Posted to commits@cassandra.apache.org by "Nick Bailey (JIRA)" <ji...@apache.org> on 2013/09/12 16:58:52 UTC
[jira] [Created] (CASSANDRA-6011) Race condition in snapshot repair
Nick Bailey created CASSANDRA-6011:
--------------------------------------
Summary: Race condition in snapshot repair
Key: CASSANDRA-6011
URL: https://issues.apache.org/jira/browse/CASSANDRA-6011
Project: Cassandra
Issue Type: Bug
Components: Core
Reporter: Nick Bailey
Fix For: 1.2.10, 2.0.1
When we do a snapshot/sequential repair, we use the repair session id as the snapshot name.

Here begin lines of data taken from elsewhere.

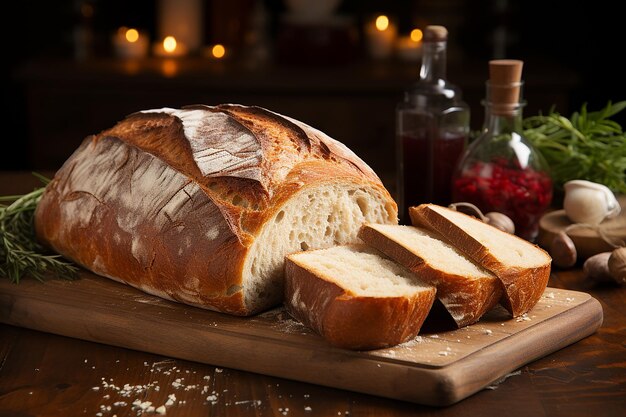 写真 パンのパン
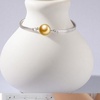 image:imageWife Jewelry Gifts  Genuine South Sea Golden Pearl Jewelry Bracelet for Women Birthday Jewelry for Girlfriend Valentines Day for Wife Mothers Day for Mom Grandma Gifts for Her NO33677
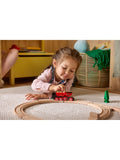 BRIO train Mighty Red Action Locomotive wooden toy, UK version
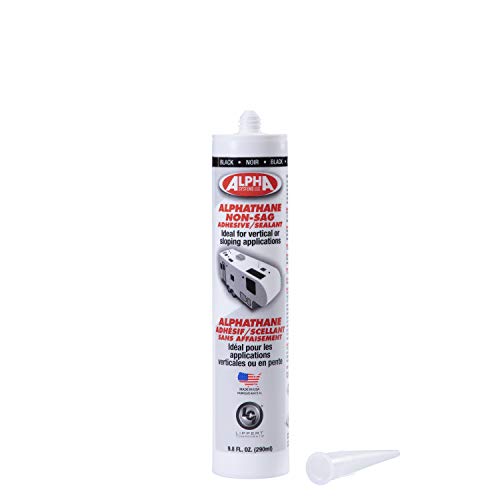 LIPPERT COMP 862163 5160 BLACK ALPHATHANE NON-SAG SM TB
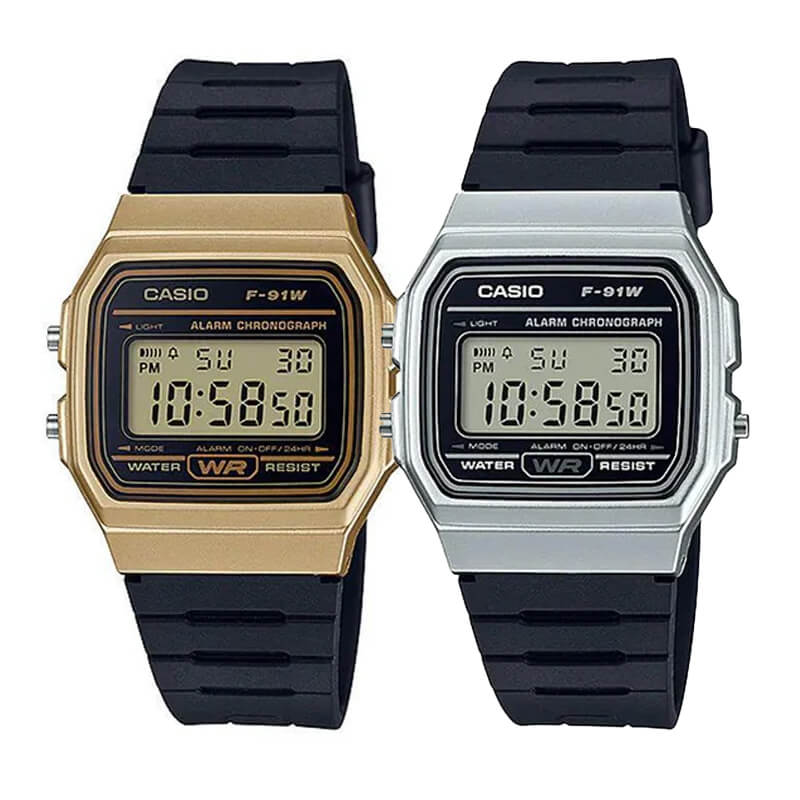 Pack Casio F-91 S-G
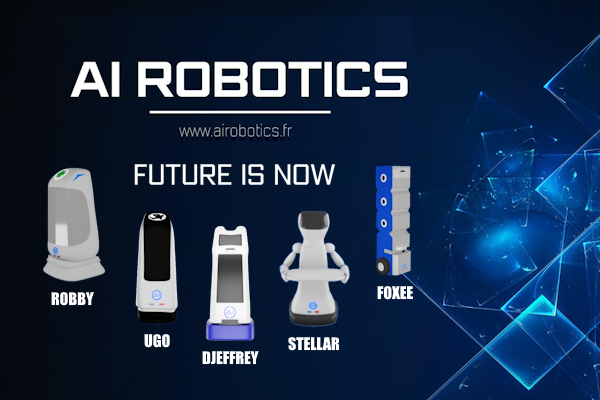 Robot Layanan Robotika AI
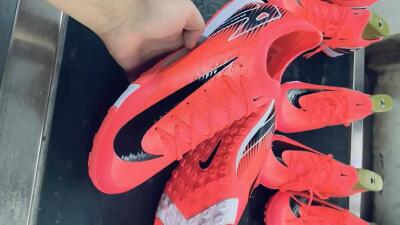 Nike Air Zoom Mercurial Vapor 16 Elite TF Low-Tops Soccer Shoes - Red/Black/White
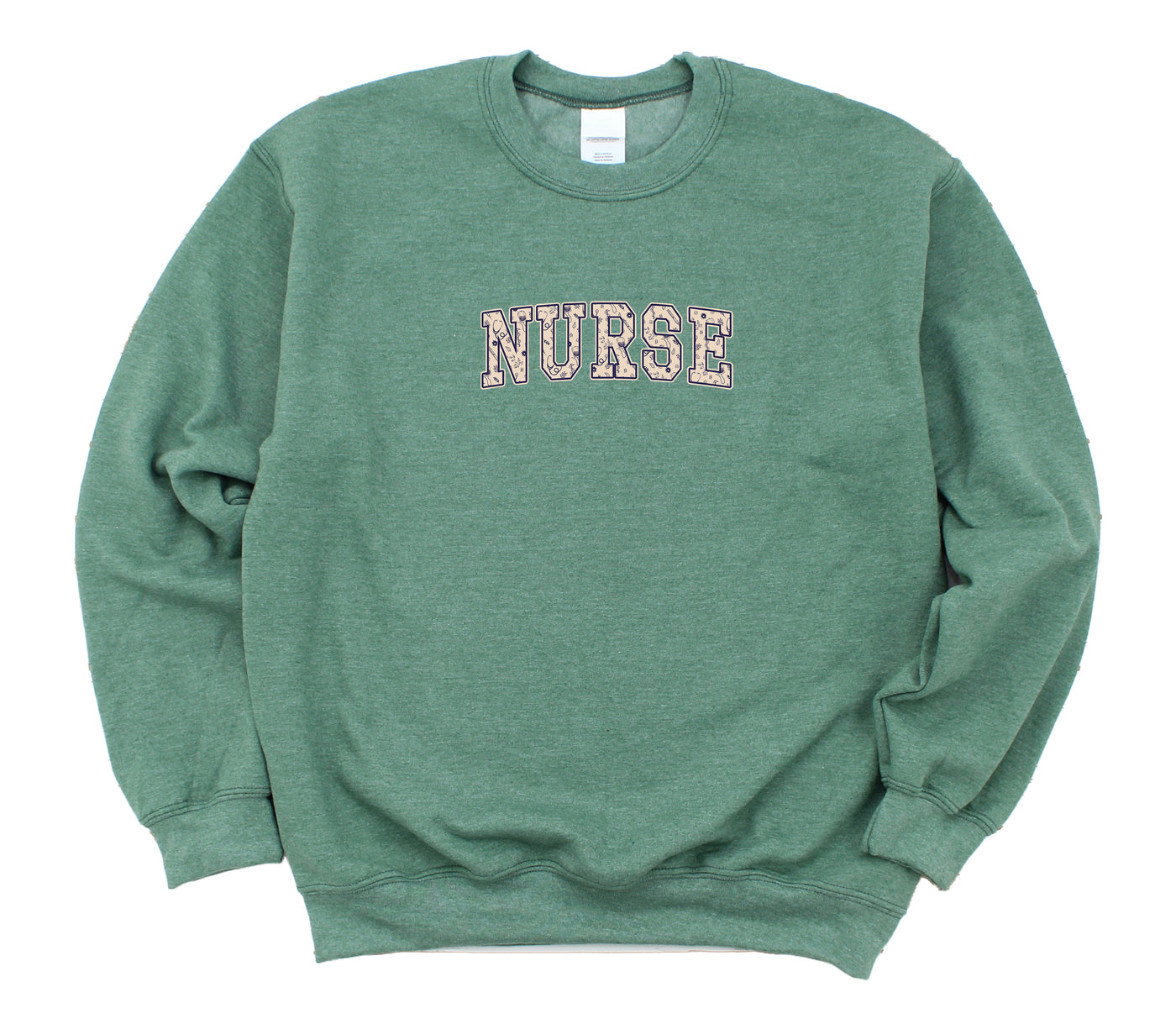 Medical Varsity Collection - Non-Pocketed Crew Sweatshirt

Unfortunately in Directories.java when we delete a snapshot, we delete it for all column families, even when called on a specific cf store.
So what can happen is this:
Node B finishes validation compaction for CF1 and Notifies Node A
Node B *starts* to delete snapshot for CF1
Node A finishes repair of CF1 and starts repair of CF2
Node B takes snapshot of CF2 and starts validation compaction, but the previous validation compaction is still deleting snapshots, so the snapshot it wants to run a validation on gets deleted out from under it.
I've only reproduced on 1.2.6, but looking at the code this definitely looks like it exists in 1.2 HEAD. Not positive about 2.0.
I think the fix is just to update Directories.java to not delete the snapshot from all column families.
--
This message is automatically generated by JIRA.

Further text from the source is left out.